Una voluntad “universalmente legisladora” es propia, en consecuencia, de los seres racionales. Así, pues, mientras en la naturaleza lato sensu cada cosa actúa según leyes (y podría hablarse en ella, antropomórficamente, de una “obediencia ciega”), “solo un ser racional posee la facultad de obrar por la representación de las leyes”, esto es, puede obrar guiándose por principios o, lo que es lo mismo, tiene “voluntad”. “Re-presentarse” la ley en la conciencia moral implica que entre a tallar la facultad introspectiva –también propiedad exclusiva de los seres racionales–, y encontrar en la razón pura práctica los imperativos de los que derivar las acciones. Este proceso exigirá un “raciocinio” jerarquizador que consistirá en pasar de las máximas a los imperativos hipotéticos y de estos al deber (silogismo práctico). Obviamente, el ser irracional, condicionado por su naturaleza a obrar según leyes de la naturaleza física, no podrá adecuar su comportamiento a esta metodología.

Aquí, sin embargo, sobreviene un problema para tener en cuenta. La voluntad puede identificarse con la razón práctica solamente si su actuación es autónoma. Expresado en cita kantiana:

Si la razón determina indefectiblemente la voluntad, entonces las acciones de este ser, que son conocidas como objetivamente necesarias, son también subjetivamente necesarias, es decir, que la voluntad es una facultad de no elegir nada más que lo que la razón, independientemente de la inclinación, conoce como prácticamente necesario, es decir, bueno. (Kant, 2012, pp. 91-93)

¿En qué ser, sin embargo, puede producirse la identidad entre subjetividad-objetividad? La respuesta es clara: solo en el que coincidiesen exhaustivamente, sin fisuras, razón y voluntad, esto es, en un ser cuya esencia fuese pura razón. El ser humano carece de esta “voluntad perfecta” o “santa”; le cabe solamente la intención de obrar adecuando su voluntad al deber que le impone la razón. Y como no hay, en él, coincidencia entre voluntad y razón, tiene que obrar siempre coaccionado por un imperativo constrictivo, atributo inexistente para un ser divino o perfecto.
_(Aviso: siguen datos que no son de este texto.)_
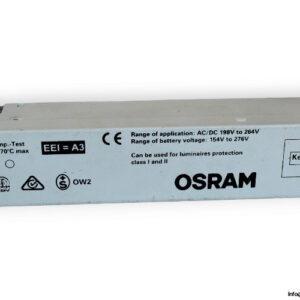 quicktronic-QT-1X55-70_230-240-electrical-ballast-used-2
No resulta difícil definir teóricamente la “buena voluntad”. En la práctica, sin embargo, la voluntad es el signo más elocuente de la finitud humana, el testimonio de la no conmensurabilidad entre razón práctica y querer. Kant sentencia:

Pero si la razón por sí sola no determina suficientemente la voluntad, si la voluntad se halla sometida también a condiciones subjetivas (ciertos impulsos) que no siempre coinciden con las objetivas; en una palabra, si la voluntad no es en sí plenamente conforme con la razón (como realmente sucede en los hombres), entonces las acciones conocidas objetivamente como necesarias se convierten en subjetivamente contingentes. ( FMC , pp. 96-97; Ak IV, núms. 412-413)

Kant, sin embargo, elabora su ética formal como si el ser humano tuviese una voluntad identificada con la razón pura práctica. Esta metafísica de las costumbres ha de llevar la marca de su pureza originaria, de ahí que se halle “totalmente aislada y sin mezcla alguna de antropología, ni de teología, ni de física o hiperfísica, ni menos aun de cualidades ocultas –que pudiéramos llamar hipofísica–”. La “mezcla” comprende las “ajenas adiciones de atractivos empíricos” y los “resortes sacados de sentimientos e inclinaciones”, esto es, la suma de elementos diferenciadores que harían imposible que las leyes morales valiesen para todo ser humano en general. Sin el “indispensable substrato” de “la representación pura del deber” no habría “reglas universales de determinación”, lo cual equivale a afirmar que solo una ética metafísica puede asegurar que sus leyes sean universales y necesarias. Kant está convencido, además, de que su teoría metafísica de la moralidad dispone de un “influjo superior a todos los demás resortes sobre el corazón humano” ( FMC , pp. 92-93, Ak IV, núms. 410-411; FMC , p. 95, Ak IV, núm. 412; FMC , p. 64, Ak IV, núm. 389).